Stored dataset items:
____________________

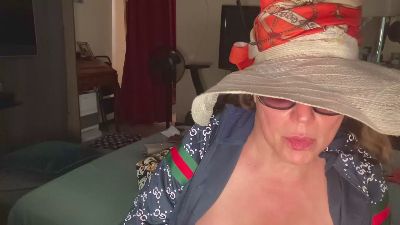 ginevracam4 live cam on Cam4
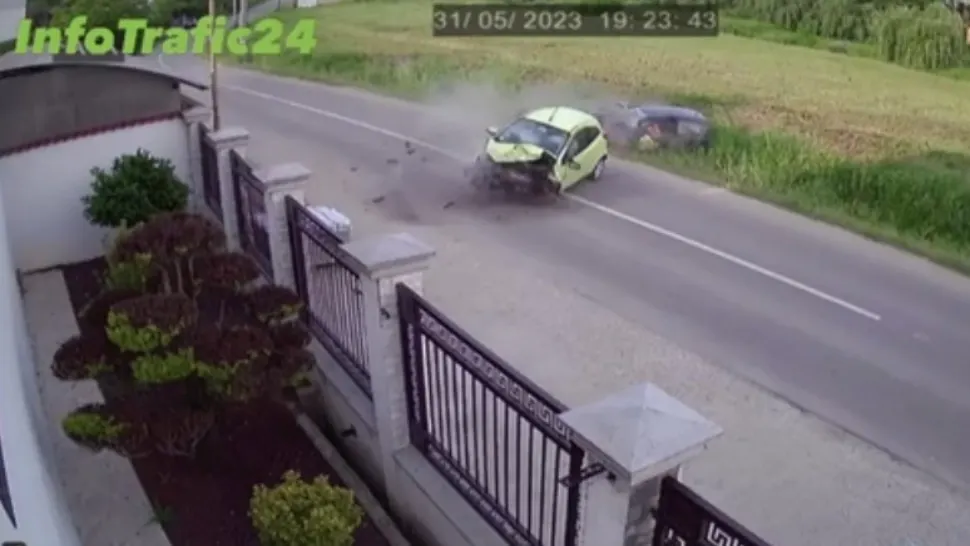Impact devastator între două mașini, surprins de camerele de luat vederi din Oradea: un copil, în stare gravă - VIDEO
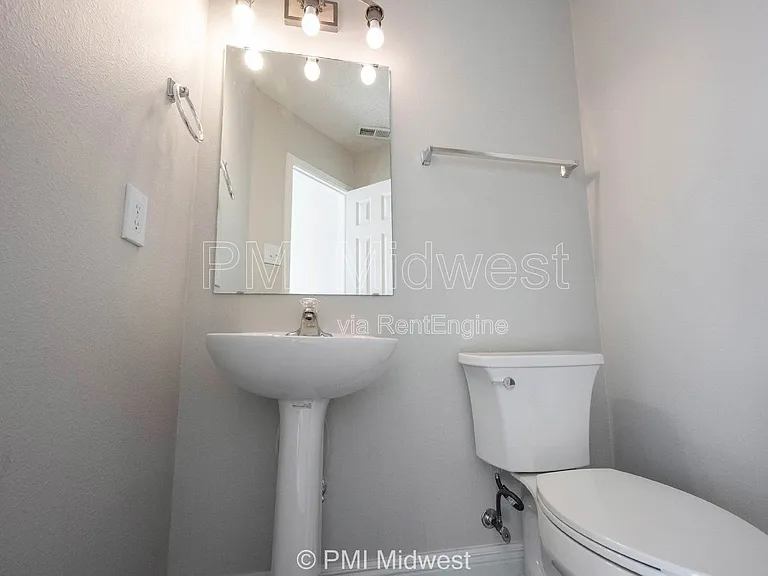 859 Runnymede Dr — Photo 19
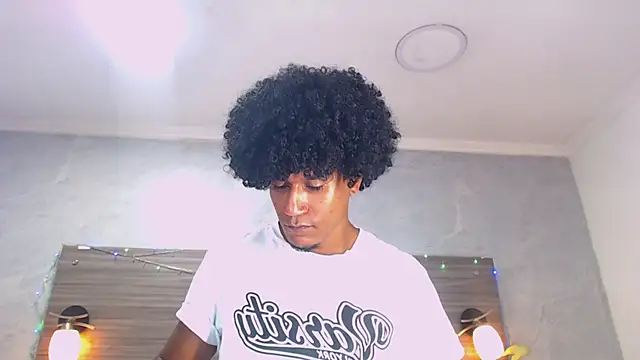 Dilan_Hall webcam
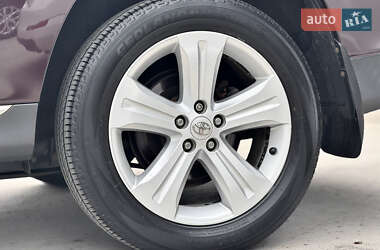 Внедорожник / Кроссовер Toyota Highlander 2012 в 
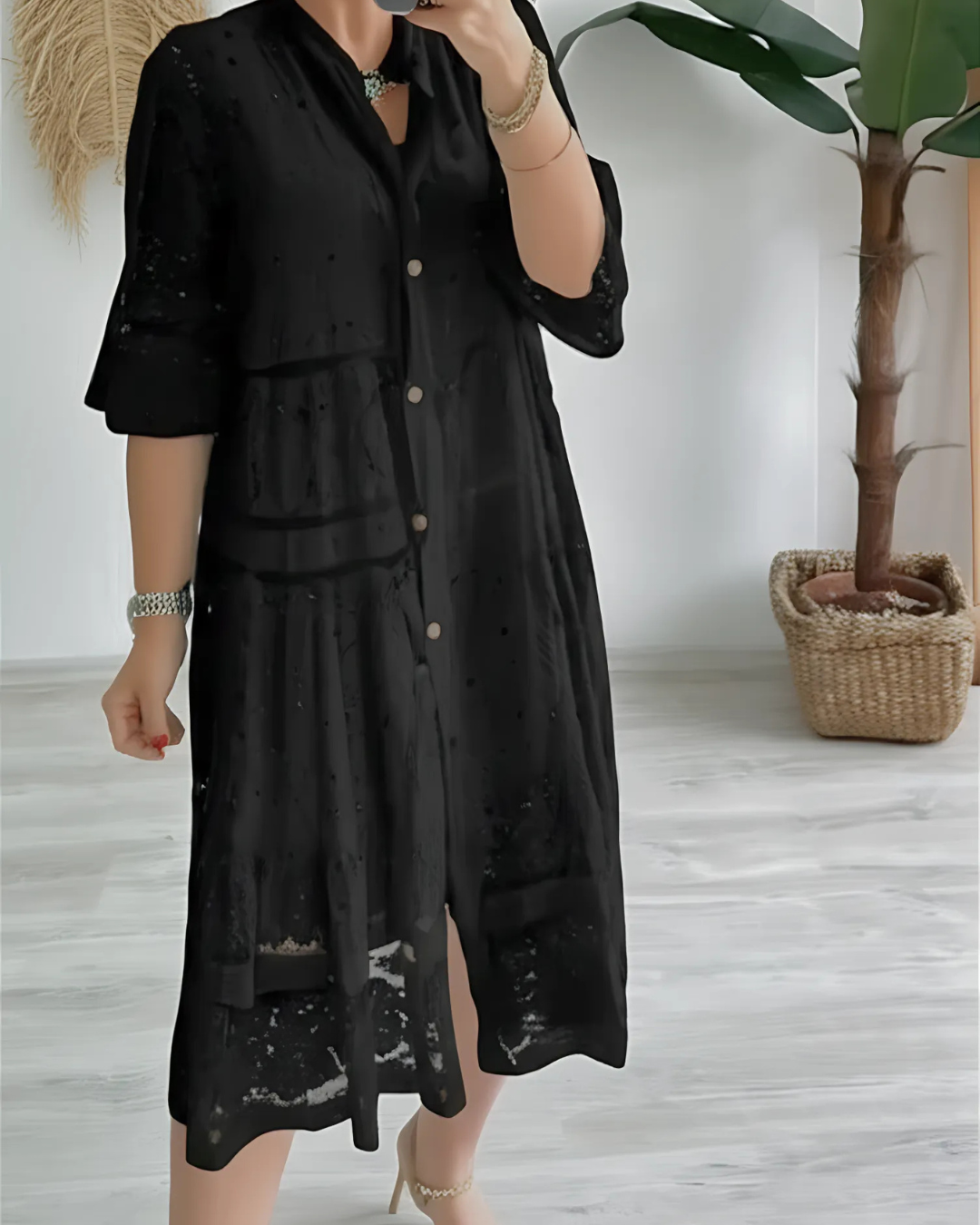 Vestido de encaje con mangas y botones delanteros®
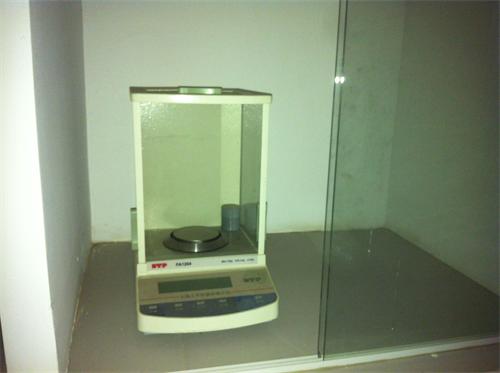 部分化驗設(shè)備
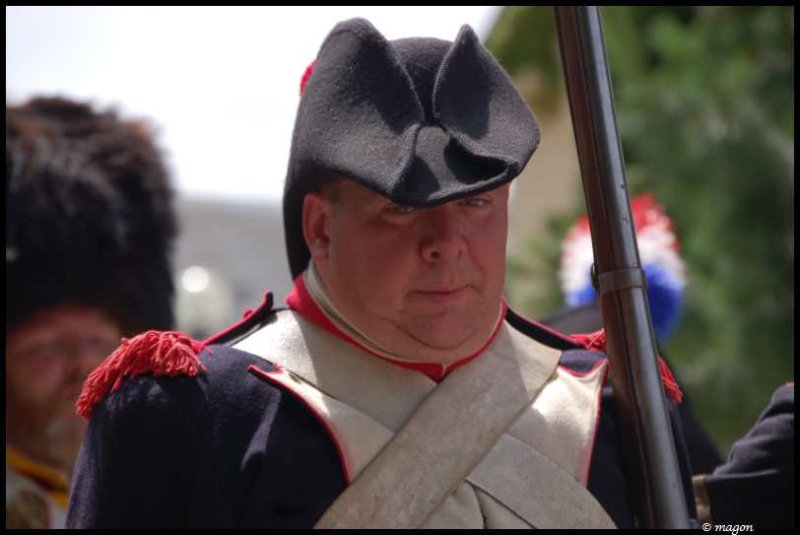 Napoleonic Bivouac в Люксембурге: солдат в трико и белом поясном ремне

____________________

REQUIRED WORK →
Please copy the records above word for word, omitting every picture.

WRITTEN RESPONSE →
 ginevracam4 live cam on Cam4
Impact devastator între două mașini, surprins de camerele de luat vederi din Oradea: un copil, în stare gravă - VIDEO
 859 Runnymede Dr — Photo 19
 Dilan_Hall webcam
 Внедорожник / Кроссовер Toyota Highlander 2012 в 
 Vestido de encaje con mangas y botones delanteros®
 部分化驗設(shè)備
 Napoleonic Bivouac в Люксембурге: солдат в трико и белом поясном ремне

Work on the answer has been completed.